The hypothetical question often arises, "Would you live your life over again, knowing what you know now?" Occasionally pondering that fantasy, I definitely would not accept a do-over from childhood or even my early teens. Go through all that again, with the added horror of being treated like a dependent child while having the mind and memories of an adult in my seventies? No, thanks! In the movie PEGGY SUE GOT MARRIED, a middle-aged woman reverts to her high-school self with her memories intact, faced with the decision of whether or not to repeat the choices that led to marrying her present-day husband, from whom she's currently separated. After reliving part of her senior year (spoiler), she reawakens to her reasons for loving her husband and, upon returning to the present, decides to stay with him.

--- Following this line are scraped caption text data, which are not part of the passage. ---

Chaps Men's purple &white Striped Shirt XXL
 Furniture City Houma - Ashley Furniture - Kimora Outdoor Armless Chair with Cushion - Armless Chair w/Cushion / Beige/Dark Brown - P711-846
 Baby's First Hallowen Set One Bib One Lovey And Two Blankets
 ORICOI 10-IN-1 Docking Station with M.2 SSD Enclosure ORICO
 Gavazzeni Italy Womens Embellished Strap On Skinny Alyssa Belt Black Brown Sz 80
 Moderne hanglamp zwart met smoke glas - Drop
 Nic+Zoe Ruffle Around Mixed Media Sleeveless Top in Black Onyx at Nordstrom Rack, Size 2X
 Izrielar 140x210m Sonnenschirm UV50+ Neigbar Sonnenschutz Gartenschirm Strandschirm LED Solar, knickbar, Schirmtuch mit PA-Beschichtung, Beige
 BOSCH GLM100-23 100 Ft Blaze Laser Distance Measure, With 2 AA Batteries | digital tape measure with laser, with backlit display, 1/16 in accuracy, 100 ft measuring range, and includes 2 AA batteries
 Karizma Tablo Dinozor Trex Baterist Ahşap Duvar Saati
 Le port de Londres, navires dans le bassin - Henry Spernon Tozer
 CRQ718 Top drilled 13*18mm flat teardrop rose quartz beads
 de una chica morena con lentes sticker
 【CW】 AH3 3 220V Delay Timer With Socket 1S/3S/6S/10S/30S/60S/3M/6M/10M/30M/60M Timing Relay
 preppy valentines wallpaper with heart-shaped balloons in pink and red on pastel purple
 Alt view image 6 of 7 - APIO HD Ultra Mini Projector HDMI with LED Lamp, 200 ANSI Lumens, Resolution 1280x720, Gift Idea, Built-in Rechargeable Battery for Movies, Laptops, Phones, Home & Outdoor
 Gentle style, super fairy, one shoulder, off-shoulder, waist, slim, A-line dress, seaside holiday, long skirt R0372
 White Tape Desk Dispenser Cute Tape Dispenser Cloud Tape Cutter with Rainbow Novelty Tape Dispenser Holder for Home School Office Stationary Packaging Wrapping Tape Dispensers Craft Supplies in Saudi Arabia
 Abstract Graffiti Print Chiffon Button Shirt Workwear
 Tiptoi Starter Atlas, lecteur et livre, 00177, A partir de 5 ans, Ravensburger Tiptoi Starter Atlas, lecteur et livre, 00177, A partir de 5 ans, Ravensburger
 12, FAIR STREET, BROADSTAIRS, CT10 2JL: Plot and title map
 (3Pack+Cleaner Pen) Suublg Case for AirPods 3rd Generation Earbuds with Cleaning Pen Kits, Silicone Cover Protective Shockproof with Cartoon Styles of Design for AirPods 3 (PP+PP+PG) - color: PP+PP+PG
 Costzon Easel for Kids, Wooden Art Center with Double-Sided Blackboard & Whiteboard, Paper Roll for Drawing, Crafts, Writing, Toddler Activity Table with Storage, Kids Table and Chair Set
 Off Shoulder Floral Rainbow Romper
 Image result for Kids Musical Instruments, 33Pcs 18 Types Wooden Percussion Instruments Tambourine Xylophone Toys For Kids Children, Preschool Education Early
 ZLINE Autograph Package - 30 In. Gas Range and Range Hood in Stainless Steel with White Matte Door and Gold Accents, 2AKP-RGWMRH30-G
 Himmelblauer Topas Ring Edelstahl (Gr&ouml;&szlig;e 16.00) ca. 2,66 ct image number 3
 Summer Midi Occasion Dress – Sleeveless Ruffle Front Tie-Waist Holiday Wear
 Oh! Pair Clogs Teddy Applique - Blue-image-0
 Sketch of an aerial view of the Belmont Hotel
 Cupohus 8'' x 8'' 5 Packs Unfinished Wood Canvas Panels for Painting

Would I repeat my life starting from, say, my marriage at the age of eighteen? In T. Kingfisher's latest horror novel, A HOUSE WITH GOOD BONES, the narrator returns to her grandmother's house (now her mother's), where she lived for part of her childhood and teens. Upon waking up in her old bedroom on the first morning, she experiences a disorienting moment of terror that her entire life since the age of ten has been a dream, and she'll be condemned to repeating high school, college, and graduate school—and writing her PhD dissertation all over again. I can identify with that nightmare. I'm not sure I'd have the stamina to struggle through all my university courses and the rewriting of my dissertation from scratch, although I might perform better in my advancement-to-candidacy oral exam with the memory of my previous blunders. On the other hand, I would have a fair chance to avoid most if not all of the worst mistakes and wrongdoings of my first lifetime. And yet, knowing I'd have to relive some painful events that are outside my control, would I want to face them again?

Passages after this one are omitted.